Both Telford MP Lucy Allan and Ludlow MP Philip Dunne have said they believe the challenges of Covid have led to the situation where the country is short of HGV drivers.
It comes as there have been suggestions that the lack of European drivers – as a result of Brexit – has also played a significant part, with the government setting up a scheme for 5,000 EU drivers to work in the country up until Christmas in response to the situation.
Mr Dunne said that the government has moved to address the issue, but that the disruption to driving tests over the past 18 months – and the retirement of older HGV drivers, had led to problems for the industry.
He said the government was looking at whether military drivers could be used to alleviate the situation.
He said: "The government has taken some immediate steps and medium term measures to resolve the driver shortage such as trying to establish if there are qualified military personnel to act as drivers."
He added: "I am not an expert in this area but it appears one of the consequences of Covid is that some drivers, where traditionally in the haulage trade they are often of an older age, have retired and are not being replaced for a number of reasons. The main one is young people have lost interest in it as a career. Also the driving test facilities have been knocked by Covid, with fewer tests taking place over the last year. That is now being addressed."
Mr Dunne said he believed that younger people had been favouring a move to delivery van driving, which did not require time away from the family or overnight work.
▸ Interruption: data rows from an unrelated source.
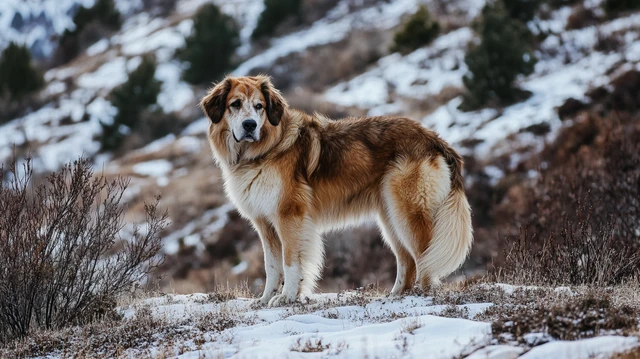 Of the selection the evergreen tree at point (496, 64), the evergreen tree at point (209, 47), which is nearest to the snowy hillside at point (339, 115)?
the evergreen tree at point (496, 64)

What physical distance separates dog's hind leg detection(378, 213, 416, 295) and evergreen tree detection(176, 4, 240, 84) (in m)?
27.8

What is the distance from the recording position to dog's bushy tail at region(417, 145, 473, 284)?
6285 millimetres

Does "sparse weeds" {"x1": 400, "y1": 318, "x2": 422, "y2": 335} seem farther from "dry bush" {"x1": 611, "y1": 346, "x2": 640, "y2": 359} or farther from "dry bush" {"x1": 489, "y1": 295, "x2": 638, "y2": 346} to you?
"dry bush" {"x1": 611, "y1": 346, "x2": 640, "y2": 359}

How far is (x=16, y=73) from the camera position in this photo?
118 feet

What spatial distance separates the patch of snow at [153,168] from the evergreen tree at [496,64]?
1151cm

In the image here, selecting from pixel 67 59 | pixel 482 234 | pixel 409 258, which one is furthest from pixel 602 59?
pixel 67 59

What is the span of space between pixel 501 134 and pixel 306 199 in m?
12.2

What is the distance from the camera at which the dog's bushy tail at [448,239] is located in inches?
247

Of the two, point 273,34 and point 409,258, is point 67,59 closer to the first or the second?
point 273,34

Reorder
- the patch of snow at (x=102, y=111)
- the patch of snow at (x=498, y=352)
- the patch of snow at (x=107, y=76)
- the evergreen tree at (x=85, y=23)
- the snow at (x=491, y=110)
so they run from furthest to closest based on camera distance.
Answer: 1. the evergreen tree at (x=85, y=23)
2. the patch of snow at (x=107, y=76)
3. the patch of snow at (x=102, y=111)
4. the snow at (x=491, y=110)
5. the patch of snow at (x=498, y=352)

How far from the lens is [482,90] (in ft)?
63.8

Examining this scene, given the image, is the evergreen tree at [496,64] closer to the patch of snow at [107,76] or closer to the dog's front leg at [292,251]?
the dog's front leg at [292,251]

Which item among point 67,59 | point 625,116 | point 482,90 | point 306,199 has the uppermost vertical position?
point 67,59

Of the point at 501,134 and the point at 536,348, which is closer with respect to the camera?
the point at 536,348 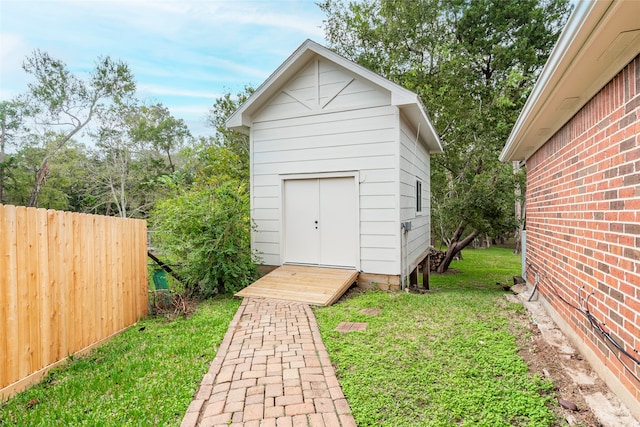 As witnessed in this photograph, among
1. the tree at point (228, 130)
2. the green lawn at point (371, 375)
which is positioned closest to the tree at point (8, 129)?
the tree at point (228, 130)

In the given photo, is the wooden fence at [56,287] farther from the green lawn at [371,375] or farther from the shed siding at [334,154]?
the shed siding at [334,154]

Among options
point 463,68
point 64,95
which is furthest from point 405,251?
point 64,95

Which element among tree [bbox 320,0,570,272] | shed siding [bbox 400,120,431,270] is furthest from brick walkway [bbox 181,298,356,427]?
tree [bbox 320,0,570,272]

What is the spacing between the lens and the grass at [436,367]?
2482 mm

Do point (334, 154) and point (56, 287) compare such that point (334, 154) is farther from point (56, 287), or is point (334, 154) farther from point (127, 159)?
point (127, 159)

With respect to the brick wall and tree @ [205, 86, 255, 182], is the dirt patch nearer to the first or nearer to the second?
the brick wall

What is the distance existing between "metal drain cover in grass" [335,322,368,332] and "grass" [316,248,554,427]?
117 millimetres

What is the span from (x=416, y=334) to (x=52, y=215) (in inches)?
168

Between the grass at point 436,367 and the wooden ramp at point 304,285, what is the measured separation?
543 mm

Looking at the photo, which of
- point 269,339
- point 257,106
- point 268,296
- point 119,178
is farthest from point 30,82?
point 269,339

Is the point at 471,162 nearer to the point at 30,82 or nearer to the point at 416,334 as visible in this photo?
the point at 416,334

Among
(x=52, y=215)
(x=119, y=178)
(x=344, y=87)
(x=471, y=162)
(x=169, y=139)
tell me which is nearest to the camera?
(x=52, y=215)

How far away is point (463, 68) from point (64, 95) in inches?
900

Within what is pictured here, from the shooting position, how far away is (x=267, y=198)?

Ms Allan also said it was understandable that people had been queuing for petrol when they live in an area where it is a requirement to get to and from work.
She said: "Telford is a car town – with our expressways and roundabouts, Telford is a new town designed for the car. The road layout is difficult for pedestrians and cyclists the public transport is poor. We need our cars for work, for food shopping, for getting children to school, so it should be no surprise that when we learn that fuel deliveries are delayed, like many people right across the country, we go and fill up our car.
"Telford is isolated by a rural hinterland, 50 minutes from Birmingham by train, which adds to a strong sense of local identity, but also creates a sense of being poorly connected. We know we are dependent on the car. If you need your car for work, it’s perfectly rational to queue as long as it takes to put fuel in the tank. We don’t have a choice."
Ms Allan also said that she believed lockdown had played a major part in leading to the current disruption.
She said: "The impact of Covid was always going to take time to unwind. After such a lengthy shut down the return to normal would never be instantaneous. Pent up demand, disrupted supply chains has resulted in a shortage of supply in many sectors. This is pushing up prices and creating difficulties getting products to consumers.
"Some HGV drivers, having been stood down during lockdown, then retired, or went home or left the profession. New entrants have not replaced them as training didn't happen, getting tested and securing a licence has been almost impossible due to lockdown and industrial action at the DVLA. Some drivers are understandably put off by the bureaucracy and poor working conditions and have moved to delivery van driving.
"There are shortages of workers across a number of sectors. Our behaviours have changed, we got off the treadmill, people are re-evaluating their lives. No one should be surprised that a ‘just in time’ economy has been derailed by a prolonged and painful shut down.
"Lockdown has created unforeseen challenges, some we know about, others we are just discovering. The aftermath of Covid will take time to fix, but fix it we will.”
Wrekin MP Mark Pritchard said: "The reasons are multiple and challenging but with the right response fuel deliveries can soon get back to normal. It needs both a private and public sector response. For many in Shropshire fuel is a necessity not a luxury."